Andy Kohlberg
- Country (sports): United States
- Born: August 17, 1959 (age 66) New York City, United States
- Height: 5 ft 10 in (1.78 m)
- Turned pro: 1979
- Retired: 1988
- Plays: Left-handed
- Prize money: $169,395

Singles
- Career record: 15–38
- Career titles: 0
- Highest ranking: No. 142 (February 24, 1986)

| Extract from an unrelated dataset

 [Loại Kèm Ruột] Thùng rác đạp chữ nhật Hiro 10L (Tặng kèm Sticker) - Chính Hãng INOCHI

Grand Slam singles results
- Australian Open: 1R (1982)
- US Open: 1R (1979, 1980, 1981, 1985)

Doubles
- Career record: 90–100
- Career titles: 1
- Highest ranking: No. 26 (July 3, 1988)

Grand Slam doubles results
- Australian Open: 1R (1982)
- French Open: 2R (1980)
- Wimbledon: 3R (1985, 1987)
- US Open: QF (1985)

= Andy Kohlberg =

American tennis player

Andy Kohlberg (born August 17, 1959) is an American former professional tennis player who serves as president of Spanish football club Mallorca.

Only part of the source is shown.